Methods: In this study we used four mathematical equations linear exponential logarithmic decimal and polynomial regression to make predictions using historical data from 2012 to 2021. These equations were evaluated based on time-series analysis and their prediction performance was assessed using the mean absolute percentage error (MAPE) coefficient of determination (R2) and mean absolute deviation (MAD). Because it remained largely steady for the population at risk of ESKD in this investigation we did not consider the population growth factor to be changeable. (FIFA World Cup 2022 preparation workforce associated growth was in healthy and young workers that did not influence ESKD prevalence).
Result: The polynomial has a high R2 of 0.99 and is consequently the best match for the prevalence dialysis data according to numerical findings.

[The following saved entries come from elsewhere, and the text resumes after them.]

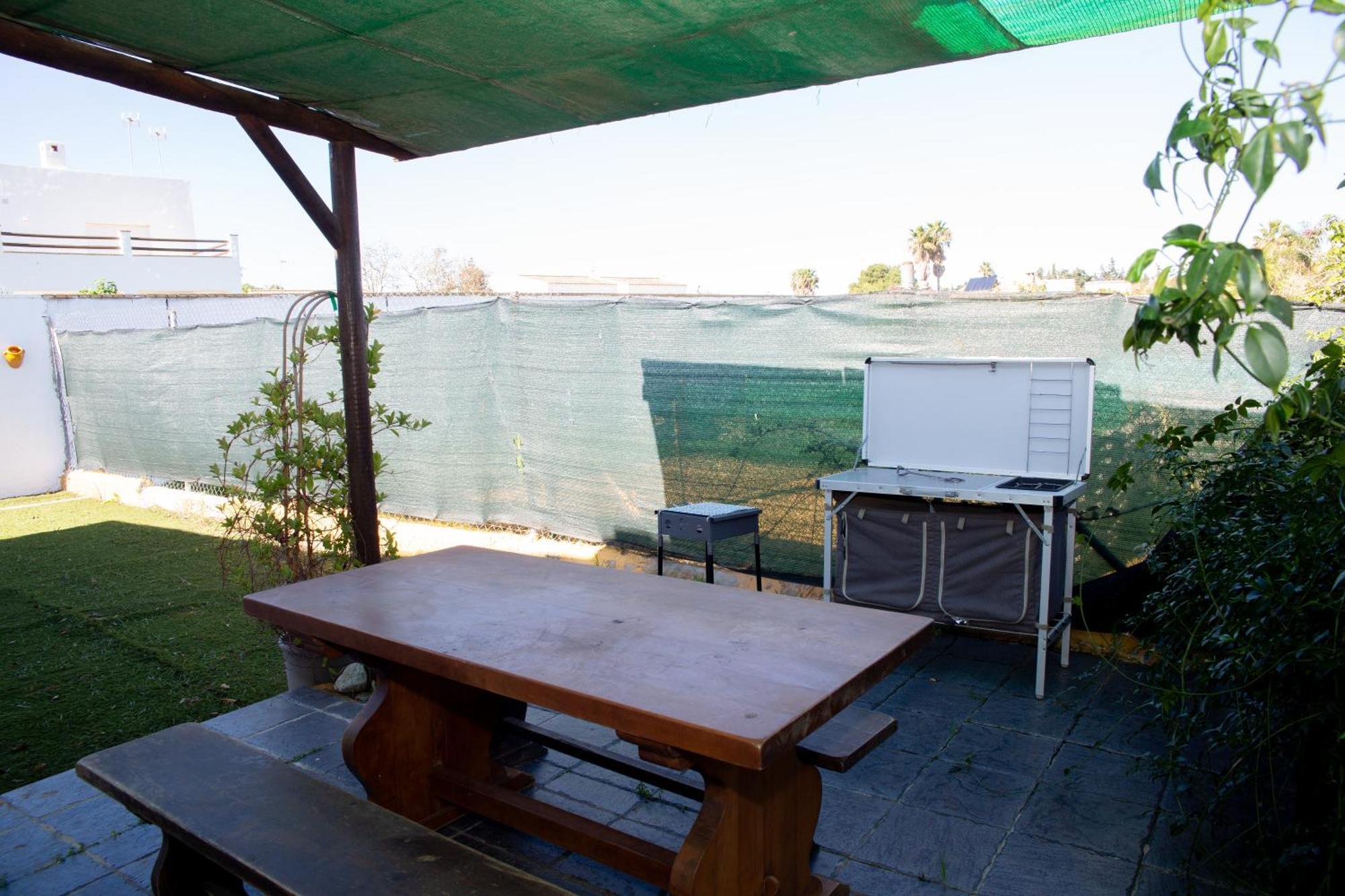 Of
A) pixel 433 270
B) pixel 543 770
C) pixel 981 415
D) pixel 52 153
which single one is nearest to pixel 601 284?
pixel 433 270

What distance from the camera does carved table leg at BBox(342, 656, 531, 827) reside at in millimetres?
2605

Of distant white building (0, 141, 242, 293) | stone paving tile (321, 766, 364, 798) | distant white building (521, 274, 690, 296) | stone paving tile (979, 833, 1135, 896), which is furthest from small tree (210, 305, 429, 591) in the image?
distant white building (521, 274, 690, 296)

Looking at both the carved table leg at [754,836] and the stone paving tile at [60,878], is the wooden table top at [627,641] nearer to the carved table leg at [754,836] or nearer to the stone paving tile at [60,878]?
the carved table leg at [754,836]

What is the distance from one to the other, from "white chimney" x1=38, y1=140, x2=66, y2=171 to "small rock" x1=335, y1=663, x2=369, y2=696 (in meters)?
23.8

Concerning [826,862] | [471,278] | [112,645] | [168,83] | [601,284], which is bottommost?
[112,645]

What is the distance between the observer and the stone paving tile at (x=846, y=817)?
2.58m

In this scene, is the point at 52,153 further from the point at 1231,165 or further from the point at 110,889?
the point at 1231,165

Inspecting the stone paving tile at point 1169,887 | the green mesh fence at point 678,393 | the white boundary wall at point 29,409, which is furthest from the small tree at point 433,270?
the stone paving tile at point 1169,887

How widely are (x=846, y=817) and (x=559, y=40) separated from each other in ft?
8.68

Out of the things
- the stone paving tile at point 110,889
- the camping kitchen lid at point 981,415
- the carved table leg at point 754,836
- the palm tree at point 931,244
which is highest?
the palm tree at point 931,244

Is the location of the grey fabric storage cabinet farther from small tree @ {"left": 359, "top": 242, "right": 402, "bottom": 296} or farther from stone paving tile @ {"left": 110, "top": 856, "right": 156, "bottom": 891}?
small tree @ {"left": 359, "top": 242, "right": 402, "bottom": 296}

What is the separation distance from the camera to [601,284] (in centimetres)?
3522

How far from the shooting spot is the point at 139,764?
2.23 metres

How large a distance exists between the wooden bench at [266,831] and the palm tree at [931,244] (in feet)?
134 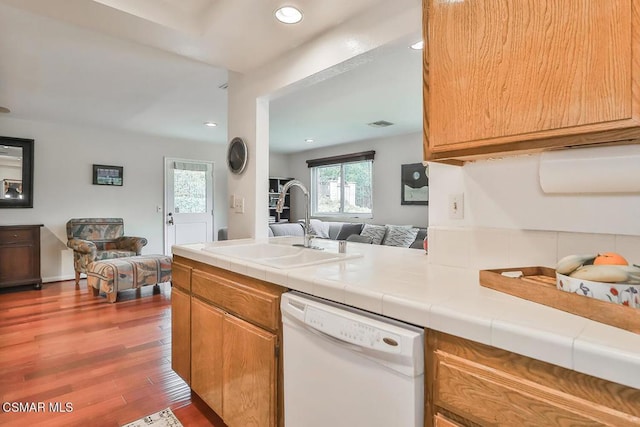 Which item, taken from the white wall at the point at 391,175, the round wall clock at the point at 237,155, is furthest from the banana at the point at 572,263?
the white wall at the point at 391,175

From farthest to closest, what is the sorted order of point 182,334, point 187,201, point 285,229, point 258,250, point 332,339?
point 285,229 < point 187,201 < point 258,250 < point 182,334 < point 332,339

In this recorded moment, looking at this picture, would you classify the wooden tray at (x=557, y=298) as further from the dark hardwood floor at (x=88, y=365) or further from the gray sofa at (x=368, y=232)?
the gray sofa at (x=368, y=232)

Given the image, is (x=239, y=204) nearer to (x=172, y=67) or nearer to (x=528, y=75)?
(x=172, y=67)

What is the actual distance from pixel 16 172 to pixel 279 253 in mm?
4599

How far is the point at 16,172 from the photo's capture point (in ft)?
14.8

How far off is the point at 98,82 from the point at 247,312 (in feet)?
9.75

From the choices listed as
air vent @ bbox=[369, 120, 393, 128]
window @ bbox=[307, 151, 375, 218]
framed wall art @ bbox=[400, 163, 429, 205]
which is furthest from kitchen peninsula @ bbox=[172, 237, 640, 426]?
window @ bbox=[307, 151, 375, 218]

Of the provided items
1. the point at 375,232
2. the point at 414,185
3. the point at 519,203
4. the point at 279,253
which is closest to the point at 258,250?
the point at 279,253

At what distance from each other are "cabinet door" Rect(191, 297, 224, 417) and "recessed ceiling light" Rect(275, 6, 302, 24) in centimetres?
155

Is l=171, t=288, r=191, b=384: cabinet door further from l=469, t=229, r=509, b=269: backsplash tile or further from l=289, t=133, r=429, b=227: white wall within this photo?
l=289, t=133, r=429, b=227: white wall

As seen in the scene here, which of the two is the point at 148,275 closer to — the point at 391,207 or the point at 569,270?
the point at 391,207

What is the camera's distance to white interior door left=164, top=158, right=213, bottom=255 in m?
5.82

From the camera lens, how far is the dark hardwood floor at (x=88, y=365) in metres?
1.81

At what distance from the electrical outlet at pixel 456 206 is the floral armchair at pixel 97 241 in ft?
14.4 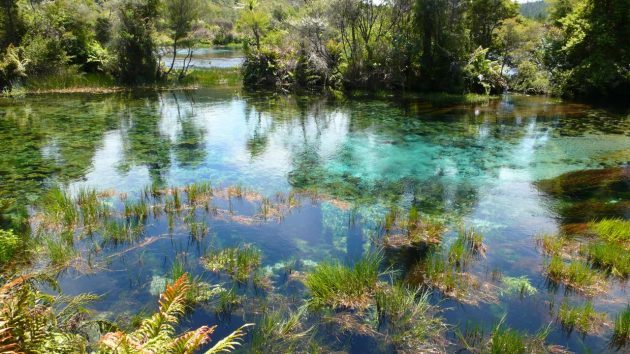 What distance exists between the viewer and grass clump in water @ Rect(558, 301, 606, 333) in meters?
6.02

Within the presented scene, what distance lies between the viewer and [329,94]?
29.3 metres

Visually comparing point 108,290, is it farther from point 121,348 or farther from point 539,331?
point 539,331

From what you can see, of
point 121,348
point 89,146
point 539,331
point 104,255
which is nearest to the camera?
point 121,348

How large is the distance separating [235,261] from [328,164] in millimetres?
6949

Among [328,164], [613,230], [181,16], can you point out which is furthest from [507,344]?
[181,16]

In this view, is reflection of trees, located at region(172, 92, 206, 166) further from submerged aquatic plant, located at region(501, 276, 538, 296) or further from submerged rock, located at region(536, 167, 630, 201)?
submerged rock, located at region(536, 167, 630, 201)

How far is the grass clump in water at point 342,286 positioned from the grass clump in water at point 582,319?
2751 mm

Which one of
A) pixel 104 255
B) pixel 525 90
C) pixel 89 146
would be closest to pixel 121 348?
pixel 104 255

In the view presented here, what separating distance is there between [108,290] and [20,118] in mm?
16722

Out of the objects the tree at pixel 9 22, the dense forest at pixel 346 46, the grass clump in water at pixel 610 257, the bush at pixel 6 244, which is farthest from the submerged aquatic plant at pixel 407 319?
the tree at pixel 9 22

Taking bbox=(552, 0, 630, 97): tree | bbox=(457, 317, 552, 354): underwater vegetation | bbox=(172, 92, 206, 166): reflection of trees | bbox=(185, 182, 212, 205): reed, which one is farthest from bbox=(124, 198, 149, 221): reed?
bbox=(552, 0, 630, 97): tree

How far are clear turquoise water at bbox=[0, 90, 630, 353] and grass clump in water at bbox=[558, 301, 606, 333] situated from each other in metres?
0.16

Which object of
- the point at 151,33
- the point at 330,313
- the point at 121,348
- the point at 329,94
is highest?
the point at 151,33

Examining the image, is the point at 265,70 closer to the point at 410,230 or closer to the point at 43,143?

Thus the MAPE is 2.28 and the MAD is 9.87% revealing a small prediction error with good accuracy and variability. The polynomial algorithm is the simplest and best-calculated projection model according to these results. The number of dialysis patients in Qatar is anticipated to increase to 1037 (95% CI 974–1126) in 2022 1245 (95% CI 911–1518) in 2025 and 1611 (95% CI 1378–1954) in 2030 with a 5.67% average yearly percentage change between 2022 and 2030.
Conclusion: Our research offers straightforward and precise mathematical models for predicting the number of patients in Qatar who will require dialysis in the future. We discovered that the polynomial technique outperformed other methods. Future planning for the need for dialysis services can benefit from this forecasting.